80% of the plants and animals found on Madagascar are found nowhere else on earth.

9,000 species of plants are found only on Madagascar. Seven entire families of plant are found only on Madagascar. All of the lemurs in the world are found only in Madagascar, and they live only in the jungles. Of the 200,000 species of wildlife in Madagascar, 150,000 are found only in Madagascar. Six of the world's baobob species - are found only on Madagascar. Approximately 750 orchid species, found only on Madagascar. 165 types of palm trees are found only on Madgascar (the rest of Africa only has about 60 species in total).

Madagascar is the most unique place on earth.

A single one of the endemic Madagascar plants - Madagascar rosy periwinkle - has been used by Eli Lilly & Co. to create the anti-cancer drugs vincristine and vinblastine, resulting in over $1 billion in sales.

Madagascar was once almost entirely forest/jungle. Now, 90% of the forest has been cut down. 70% has been cut down since 1970. In 1970, an aerial photograph of Madagascar would have been mostly green. Here's what Madagascar looks like from the air now:

It would be one thing if the non-forested area had been developed as towns or industry. It hasn't. It's just areas where the forest has been cut down, initially for subsistence farming, then for legal logging, now for illegal logging.

The ebony and rosewood trees are so valuable - particularly in China - that logging is conducted by armed rebels in national parks, and Madagascar ebony and rosewood are referred to as Africa's new "blood diamond."

Because ebony and rosewood trees don't grow in groves, large areas of forest must be cut down to harvest them - resulting in the extermination of large number of species of plants and animals that are found nowhere except Madagascar. So when Madagascar was under worldwide pressure to end logging of ebony and rosewood - it wasn't just about the wood.

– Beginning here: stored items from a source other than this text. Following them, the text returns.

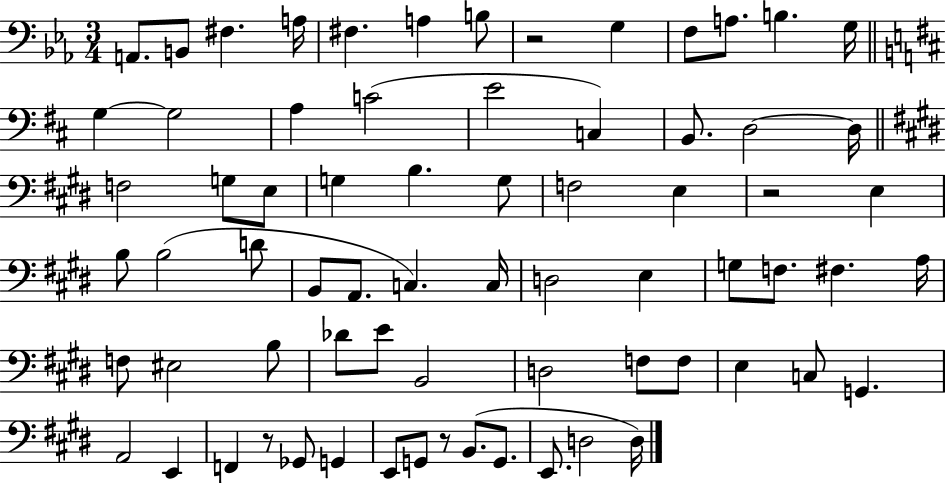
{
  \clef bass
  \numericTimeSignature
  \time 3/4
  \key ees \major
  \repeat volta 2 { a,8. b,8 fis4. a16 | fis4. a4 b8 | r2 g4 | f8 a8. b4. g16 | \break \bar "||" \break \key d \major g4~~ g2 | a4 c'2( | e'2 c4) | b,8. d2~~ d16 | \break \bar "||" \break \key e \major f2 g8 e8 | g4 b4. g8 | f2 e4 | r2 e4 | \break b8 b2( d'8 | b,8 a,8. c4.) c16 | d2 e4 | g8 f8. fis4. a16 | \break f8 eis2 b8 | des'8 e'8 b,2 | d2 f8 f8 | e4 c8 g,4. | \break a,2 e,4 | f,4 r8 ges,8 g,4 | e,8 g,8 r8 b,8.( g,8. | e,8. d2 d16) | \break } \bar "|."
}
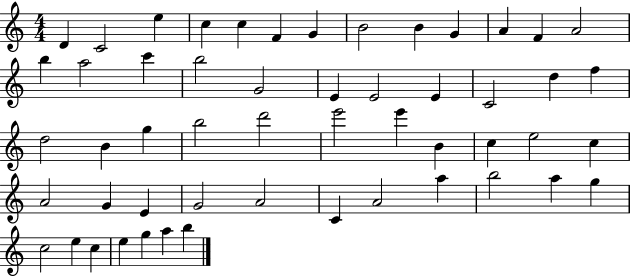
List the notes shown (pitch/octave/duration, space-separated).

D4/q C4/h E5/q C5/q C5/q F4/q G4/q B4/h B4/q G4/q A4/q F4/q A4/h B5/q A5/h C6/q B5/h G4/h E4/q E4/h E4/q C4/h D5/q F5/q D5/h B4/q G5/q B5/h D6/h E6/h E6/q B4/q C5/q E5/h C5/q A4/h G4/q E4/q G4/h A4/h C4/q A4/h A5/q B5/h A5/q G5/q C5/h E5/q C5/q E5/q G5/q A5/q B5/q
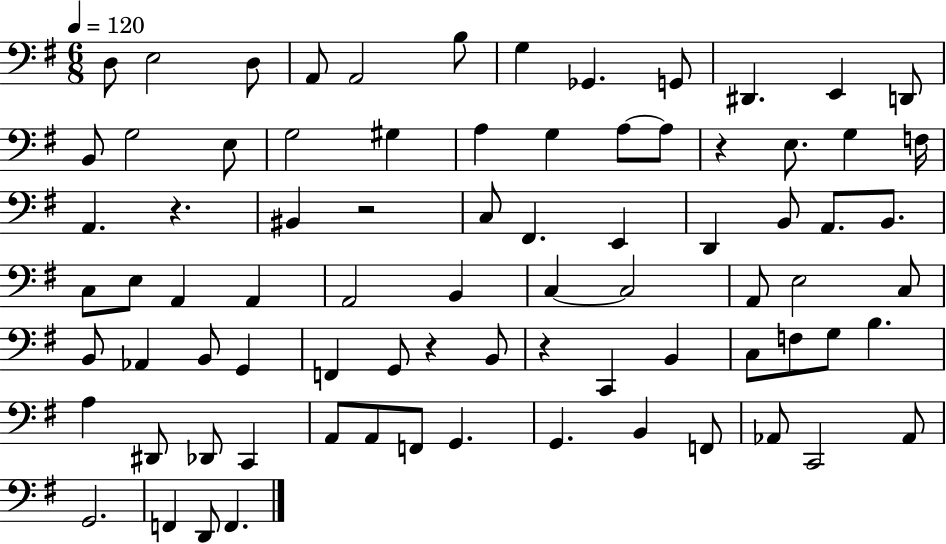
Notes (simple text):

D3/e E3/h D3/e A2/e A2/h B3/e G3/q Gb2/q. G2/e D#2/q. E2/q D2/e B2/e G3/h E3/e G3/h G#3/q A3/q G3/q A3/e A3/e R/q E3/e. G3/q F3/s A2/q. R/q. BIS2/q R/h C3/e F#2/q. E2/q D2/q B2/e A2/e. B2/e. C3/e E3/e A2/q A2/q A2/h B2/q C3/q C3/h A2/e E3/h C3/e B2/e Ab2/q B2/e G2/q F2/q G2/e R/q B2/e R/q C2/q B2/q C3/e F3/e G3/e B3/q. A3/q D#2/e Db2/e C2/q A2/e A2/e F2/e G2/q. G2/q. B2/q F2/e Ab2/e C2/h Ab2/e G2/h. F2/q D2/e F2/q.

And it wasn't just about a snail darter or a spotted owl.

And when the Madagascar government decided that logging was destroying its ecology, it may have had a much better point than some pointy-headed bureaucrats trying to protect some species of shiner in a Texas river that was going dry this summer.

62 posted on 10/02/2011 2:03:19 PM PDT by Scoutmaster (You knew the job was dangerous when you took it, Fred.)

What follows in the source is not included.